I began my newspaper career in the 1970s, as a copy runner at the Liverpool Echo. It was the days of hot metal, typewriters, Chinagraph pencils and shouts of “Copy up!”
We sent typewritten sheets through suction tubes, from the subs room to the comps, and although I was just a tiny cog, I felt very much a part of putting the paper to bed.
The previous two paragraphs contain many processes and phrases that will sound unfamiliar to a whole generation of readers. Which is why they’re so important. Authenticity is a vital ingredient to any novel – even if absolutely everything is made up, the reader needs to believe in it if they’re to engage with your work.
Research and more research, checking and more checking – both are vital parts of an author’s toolbox. But familiarity can leave room for mistakes – and that’s where a new set of eyes is so important. Historical novelists have a particularly tough job and so do their editors and proofreaders, whose job is to keep things on the straight and narrow.
How many times have you hit the send button on an email or Tweet, then spotted a glaring error and kicked yourself? As a reviewer and a plain and simple book reader I’ve seen things to make me cringe – and I’m sure you have too.
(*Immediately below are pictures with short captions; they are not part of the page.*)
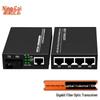 NINGCAI 100Mbps Single-Mode Single-Fiber Optic Transceiver Pair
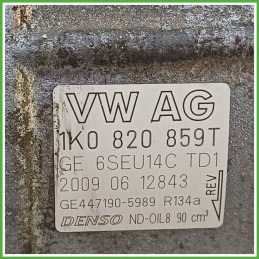 Compressore Clima AC Aria Condizionata DENSO 6SEU14C VOLKSWAGEN PASSAT 36 1K0820859TX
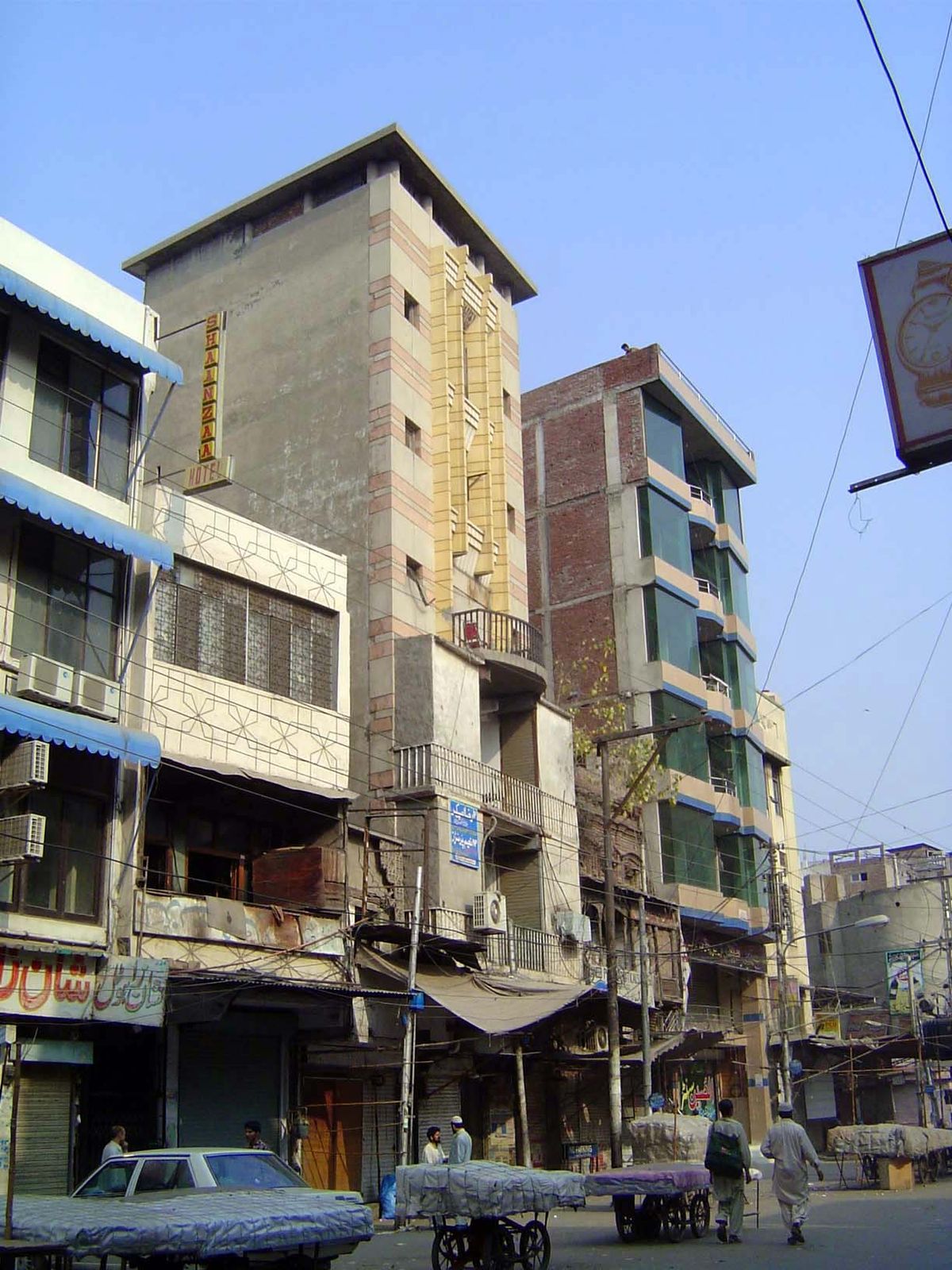 There are lots of new buildings.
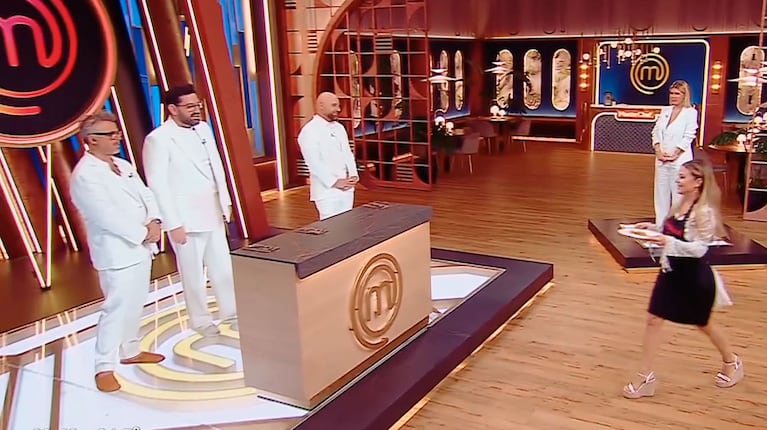 Captura de pantalla de Telefe, MasterChef Celebrity.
Even after a book has been checked by countless pairs of eyes, errors can still slip through the net and you wonder if it was even checked in the first place. Recently I started reading a novel which mentioned Coco Channel perfume. At first I thought it was a pun, then after it was mentioned three times in the first few chapters, I realised it was a spelling mistake, pure and simple. How did this get through? I’ve no idea but it was just one example of errors in a book that was riddled with them and eventually, in frustration, I gave up reading it and moved onto something else.
Cutting out the proofreading process is false economy, and error-filled text will lose you readers and probably garner unfavourable reviews too. In a world filled with new book releases and unknown authors, surely you want your work to be seen in the best light?